Two people riding a two-manned kayak together, with both of their paddles sitting in the water on the right hand side of the boat.


There’s nothing that beats the Texas heat like a day in the water. To keep the day carefree and relaxing, Dr. Amos reminds people to drink plenty of water, wear a life vest, be mindful of children, and keep a good distance from boat propellers.

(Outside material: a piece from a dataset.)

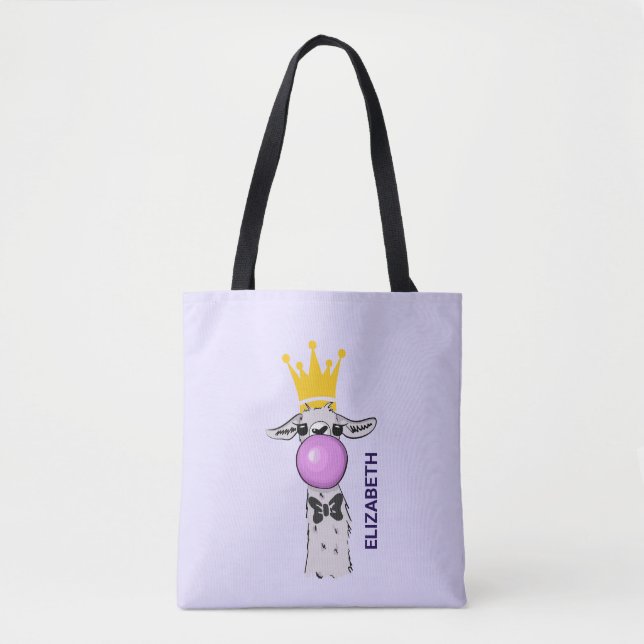 Bolsa Tote Engraçado Ilustração do Llama soprando uma bolha r (Frente)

“In general, be aware of your surroundings,” he advises. “Consider things like whether there’s a lifeguard on duty and how shallow or deep the water is.”

He also warns against overindulging in alcohol, a leading cause of boating accidents.

“If you’re going on a boat, fishing, or swimming, you should have at least one other person with you,” he says. “And avoid these activities in the dark.”

Two people riding all terrain vehicles, or ATVs, through a sunkissed forest


All-terrain vehicles and motorcycles can be fun, but like everything else on this list, they require a level of caution.

“In the summer when the heat is bearing down on us, we see a lot of motorcycle accidents involving people who decide to forgo their helmets,” Dr. Amos explains. “That is extremely dangerous.”

Crashes involving ATVs and other recreational vehicles are also of concern. Many lack the safeguards of a car, such as seatbelts and airbags, and they flip more easily. Crash survivors with no obvious injuries may still need medical help, Dr. Amos insists.

“Especially if there’s any disorientation or loss of consciousness — however short a time — that can indicate issues with the brain,” he explains. “Injuries to the head and neck should be evaluated immediately because they may not be obvious right away.”

To stay as safe as possible, it’s always recommended to wear helmets, follow a safe speed limit, be conscientious of other motorists, and wear reflective and protective clothing.